Commercial Division Blog

Posted: March 23, 2015 / Categories Commercial, Statute of Limitations/Laches

Second Department Enforces Contract Term Shortening Statute of Limitations

On March 18, 2015, the Second Department issued a decision in State of Narrow Fabric, Inc. v. UNIFI, Inc., 2015 NY Slip Op. 02110, enforcing a contract term limiting the period in which to bring a claim relating to a sale of goods.
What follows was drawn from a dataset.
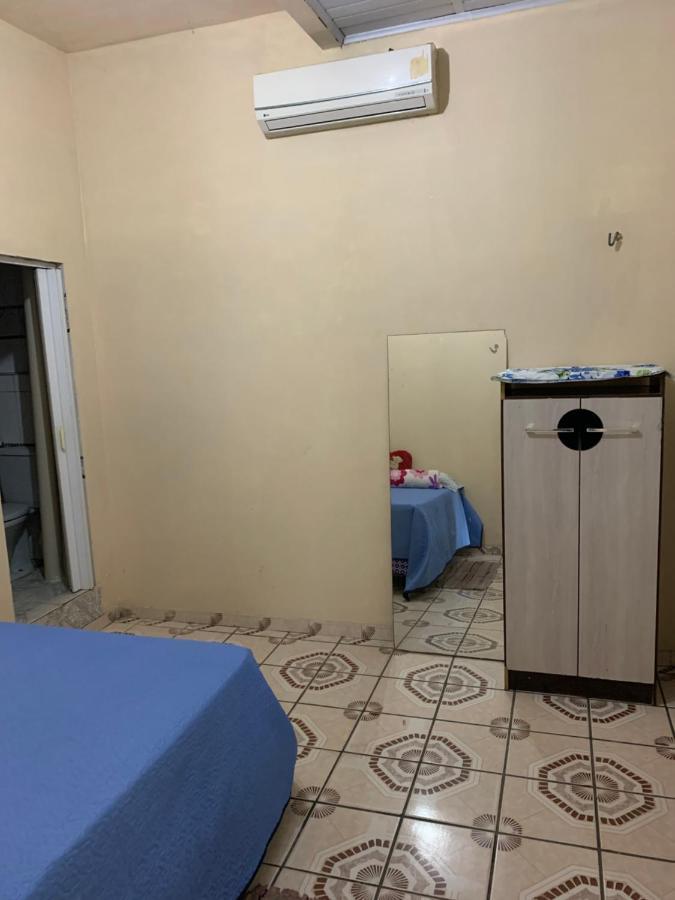 Pousada Da Vovo Bragança Kültér fotó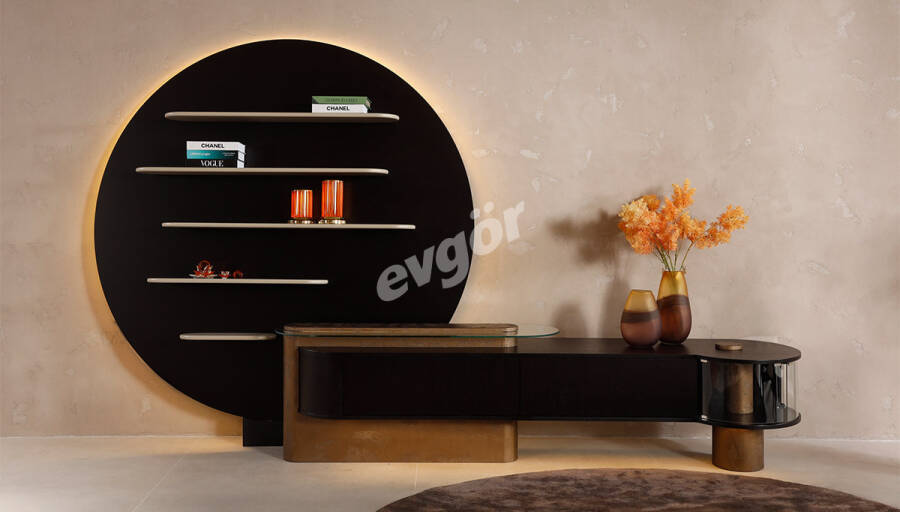 Alaska Lüks Koltuk Takımı - 7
In State of Narrow Fabric, the trial court dismissed the plaintiff's breach of contract claims on statute of limitations grounds based on a contract term giving the plaintiff only one year in which to bring a claim rather than the four years provided by the UCC. The Second Department affirmed, explaining:

While UCC 2-725(1) generally provides that a cause of action alleging breach of a sales contract must be commenced within four years after it has accrued, that provision also allows the parties to a sales contract to reduce the period of limitation to not less than one year. Here, the defendants met their initial burden by demonstrating that their invoices containing the one-year limitation period constituted an acceptance that, together with the plaintiff's purchase order, was effective in forming a contract, and that the one-year limitation period, an additional term set forth in the invoices, was presumed to have become part of this contract between the parties unless one of the three exceptions in UCC 2-207(2) applied. It is undisputed that the plaintiff's action was not commenced within one year from the alleged breach, as required by the additional term. . . . .
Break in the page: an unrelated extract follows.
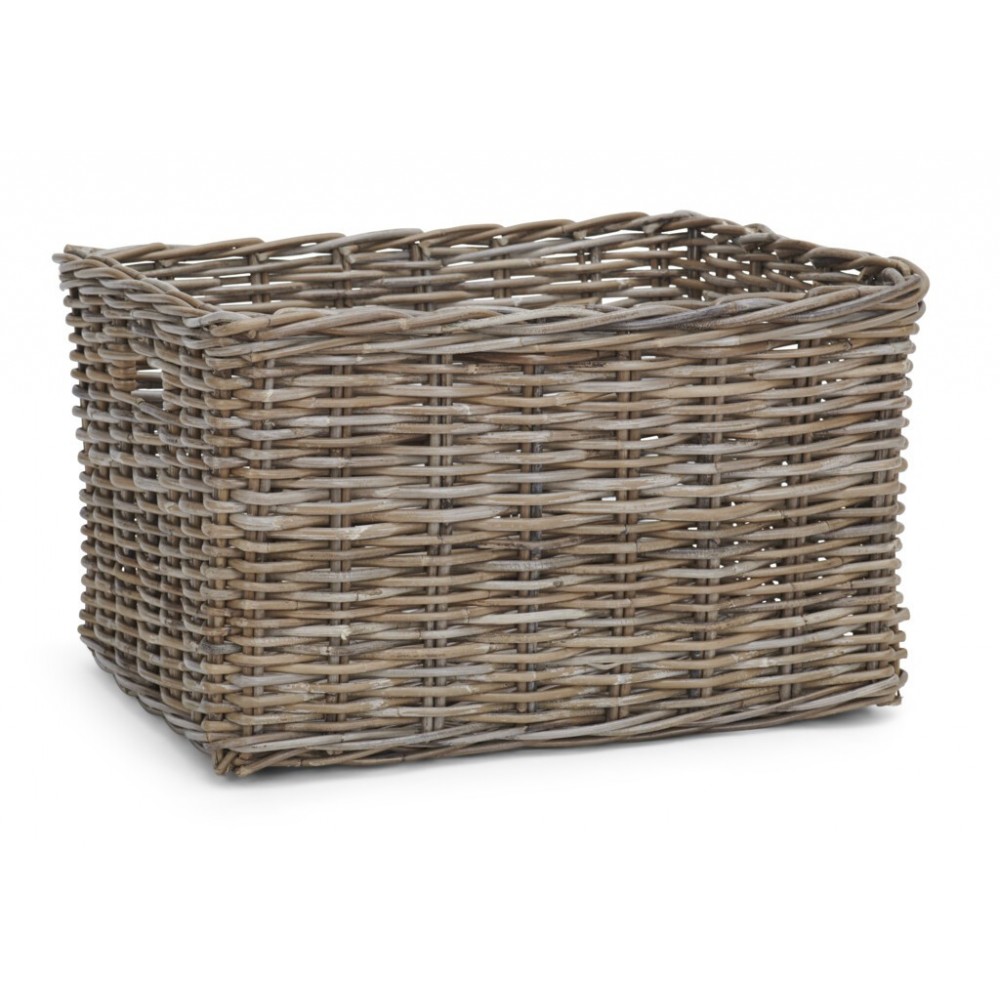 Somerton Rectangular Basket 60x45cm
Contrary to the plaintiff's contention, the abbreviated period of limitation was not against public policy. Absent proof that the contract is one of adhesion or the product of overreaching, or that the altered period is unreasonably short, the abbreviated period of limitation will be enforced. Where the party against which an abbreviated Statute of Limitations is sought to be enforced does not demonstrate duress, fraud, or misrepresentations in regard to its agreement to the shortened period, it is assumed that the term was voluntarily agreed to.

Here, the plaintiff failed to allege or demonstrate duress, fraud, or misrepresentations with respect to its agreement to the abbreviated period of limitations. Moreover, to the extent that the plaintiff relied on the doctrine of equitable estoppel, it did not allege any specific actions by the defendants that kept it from commencing this action within the contractual one-year period.

(Internal quotations and citations omitted).